INFORMATION SHOWN
◇ ◇ ◇ ◇ ◇ ◇ ◇
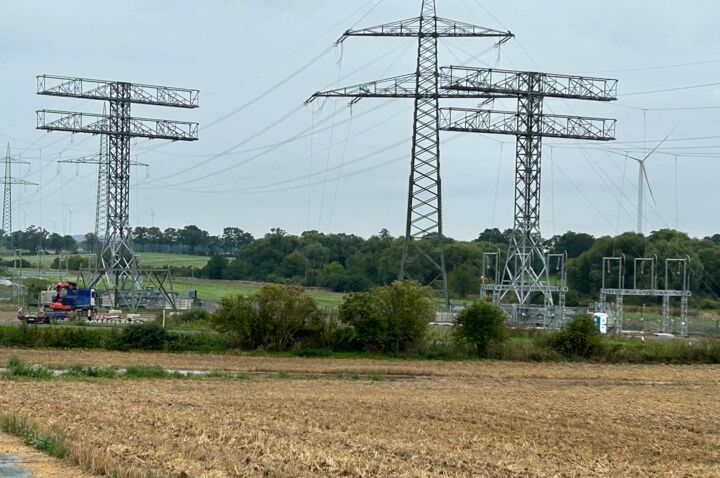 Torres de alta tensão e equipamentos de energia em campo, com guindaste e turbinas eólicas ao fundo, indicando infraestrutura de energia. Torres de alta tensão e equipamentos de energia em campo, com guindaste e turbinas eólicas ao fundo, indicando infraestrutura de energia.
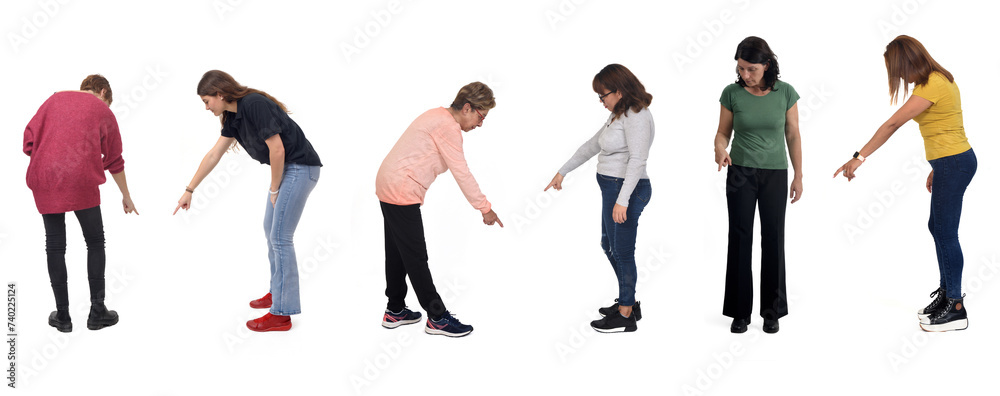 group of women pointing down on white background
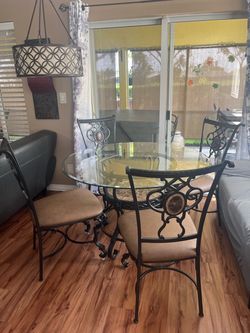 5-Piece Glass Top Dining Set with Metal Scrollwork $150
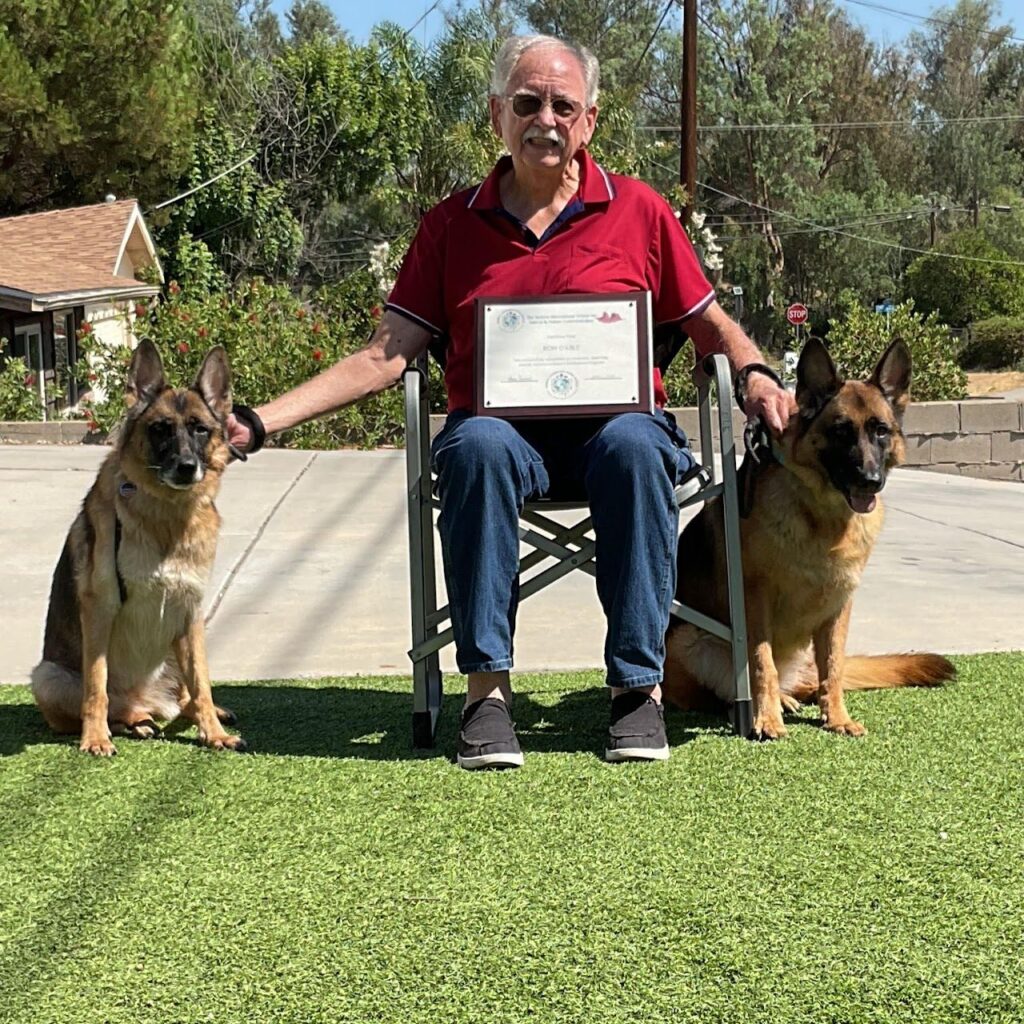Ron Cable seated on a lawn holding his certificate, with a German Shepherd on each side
◇ ◇ ◇ ◇ ◇ ◇ ◇
WHAT TO WORK ON
Print exactly, and only, the lines from the line containing "5-Piece Glass Top" to the last line of the material above, with every picture left out.

SOLUTION FOR THIS PROBLEM
 5-Piece Glass Top Dining Set with Metal Scrollwork $150
Ron Cable seated on a lawn holding his certificate, with a German Shepherd on each side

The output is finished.